Le frère avait découvert que sa soeur avait utilisé sa procuration sur les comptes bancaires de ses parents à son profit personnel.
Il l’a assignée en demandant le rapport des sommes ainsi prélevées et l’application des peines du recel sur celles-ci, le rapport de la libéralité constituée par la mise à disposition à titre gratuit d’un appartement lui appartenant, et l’ouverture des opérations de comptes, liquidation et partage de la communauté ayant existé entre leurs parents et de leurs successions.
La Cour d’appel avait déclaré toutes ses demandes irrecevables car un partage amiable était déjà intervenu.
Le frère avait soutenu devant la Cour de cassation que le partage peut être partiel, qu’en conséquence, le partage amiable et informel des biens existant à l’ouverture de la succession n’est pas en soi de nature à priver un héritier du droit d’agir ultérieurement en ouverture des opérations de compte-liquidation et partage complémentaire des valeurs soumises à rapport ou à réduction.
Il ajoutait que la demande tendant à voir condamner un héritier au titre du recel successoral pour avoir dissimulé une donation rapportable est recevable indépendamment de l’action en partage judiciaire.
La Cour de cassation a jugé ainsi :
« Mais attendu que les demandes en rapport d’une libéralité dont aurait bénéficié un héritier et en application de la sanction du recel successoral ne peuvent être formées qu’à l’occasion d’une action en partage judiciaire ; qu’une telle action ne peut plus être engagée lorsque les parties, ayant déjà procédé au partage amiable de la succession, ne sont plus en indivision ».
Et attendu qu’après avoir relevé que les parties avaient procédé au partage amiable des immeubles, des meubles et des liquidités dépendant des successions des parents, la cour d’appel en a déduit à bon droit que les demandes du frère n’étaient pas recevables.
La Cour de cassation sous-entend que le frère n’avait ni engagé une action en nullité de ce partage ni agi en complément de part ou en partage complémentaire.
Cela laisse entendre qu’une action en rectification du partage effectué, en nullité, en complément de part, peut être intentée après que le partage ait été opéré.
Mais encore faut-il que les conditions prescrites par les dispositions des articles 884 et suivants du Code civil soient réunies (vice du consentement de l’héritier, omission d’un héritier, lésion de plus d’un quart) et encore faut-il respecter le double délai de prescription des articles 2224 du Code civil (5 ans) et 889 (2 ans à compter du partage clôturé).

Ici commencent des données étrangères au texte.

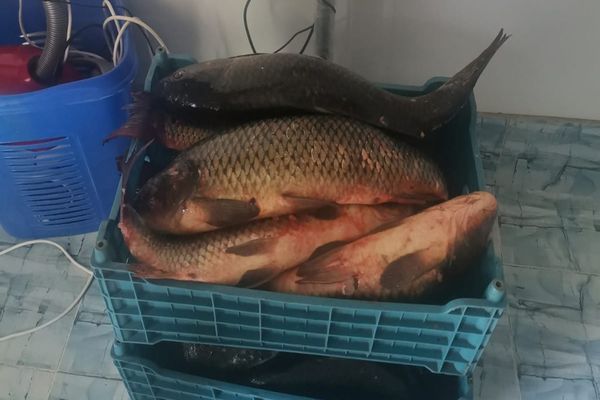 VIDEO Prins cu gențile pline cu pește în zona bacului de la I.C. Brătianu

Il ne sera cependant pas possible d’agir en partage judiciaire après qu’un partage amiable soit intervenu. Il est pourtant possible de demander la rectification du partage déjà intervenu mais aux conditions strictes posées par les articles 884 et suivants du Code civil et dans le respect de la double prescription spécifique de deux ans à compter du partage en cas de lésion et cinq ans à compter du décès.